Because the copper connections used in chips today can become overloaded, degrading electronic signals, another way some companies hope to advance Moore's Law is by shuttling information around with beams of light.
In July, Intel said it had developed a prototype fingernail-size "silicon photonic link," comprised of mini lasers, which could send 100 hours of digital music from one device to another in a second. Although the Santa Clara company said a commercial version wouldn't be available for several years, it eventually expects to make a chip with the ability to transmit the Library of Congress's entire printed collection in less than two minutes.
Infinera of Sunnyvale already sells equipment containing photonic chips it developed to cable companies, Internet content providers and others who transmit data across fiber-optic networks. Referencing Moore's Law in its most recent annual report, the company said it expects to double the data-carrying capacity of its photonic chips every three years.
Such improvements are essential given the enormous increases in information being passed around by Infinera's customers, according to Gaylord Hart, marketing director for the company's cable business. "It's being driven largely by increased telecommunications and Internet access, and certainly video is the largest bandwidth driver," he said.
Other companies exploring photonics include Hewlett-Packard (HPQ). But the Palo Alto tech giant also is working on something called "memristors" with South Korea's Hynix Semiconductor.

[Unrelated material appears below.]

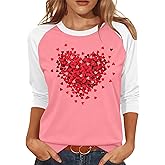 PICKID Valentines Shirts for Women Cute Love Heart Graphic T-Shirt 3/4 Sleeve Valentine's Gift Tees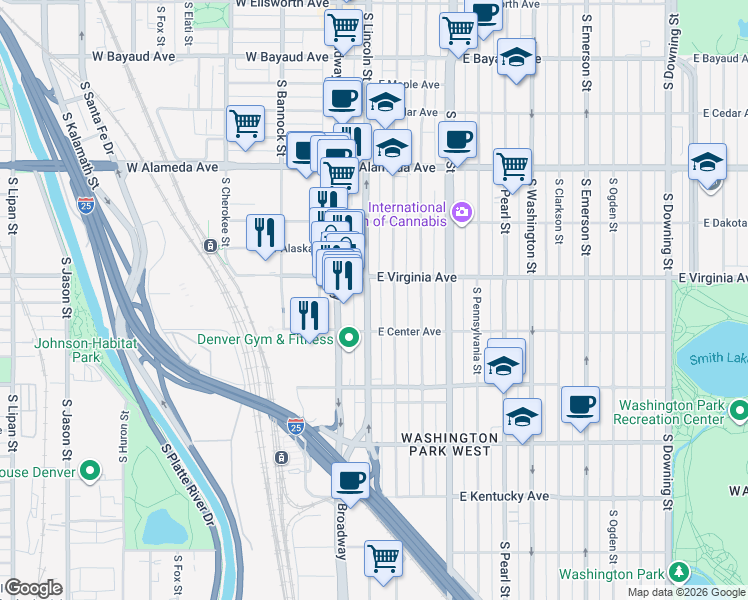 map of restaurants, bars, coffee shops, grocery stores, and more near 559 South Lincoln Street in Denver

Because memristors function on the principal that electrical resistance increases when current flows through a device one way and decreases when it flows the opposite direction, HP believes memristors could be turned into tiny electrical switches, reducing the number of transistors traditionally used on chips, while boosting the chip's processing power.
While other materials eventually may be determined to be superior, HP already has successfully made memristor switches from titanium dioxide on a layer of platinum and placed it within a tiny grid of wires, said Stan Williams, an HP senior fellow and director of the company's nanoelectronics research group.
By running current through a part of the titanium dioxide where oxygen atoms were removed -- slightly altering its resistance -- HP has caused the memristor to open and close like a switch, a technical success that Williams said eventually might enable memristor-populated grids to be programmed to store and process information.
Noting that it may be possible to replace a dozen transistors in certain types of circuits with a single memristor no bigger than about 3 nanometers wide -- roughly nine atoms -- he said, "we can easily see factors-of-10 improvements in certain types of chips" using such a switch.
But Williams cautioned that it would be physically impossible to build anything smaller than an atom, even with memristors. And while no one knows when the limit will be reached for shrinking chips under Moore's Law, "we are very close," he said. "There is not that much room to go."

CREATING MOORE'S LAW
Nearly a half-century ago, Intel co-founder Gordon Moore foresaw a future filled with remarkable devices made possible by cramming microchips with an increasing array of transistors, tiny components that amplify and switch electronic signals.
In a 1965 Electronics Magazine article, he first postulated that the number of chip transistors would roughly double every year, though in 1975 he revised that to every two years. So far, his prediction has largely proved correct. Intel's first microprocessor in 1971 contained 2,300 transistors. That number had risen to 275,000 by 1985, to 42 million by 2000, to 592 million by 2004 and to nearly 3 billion today.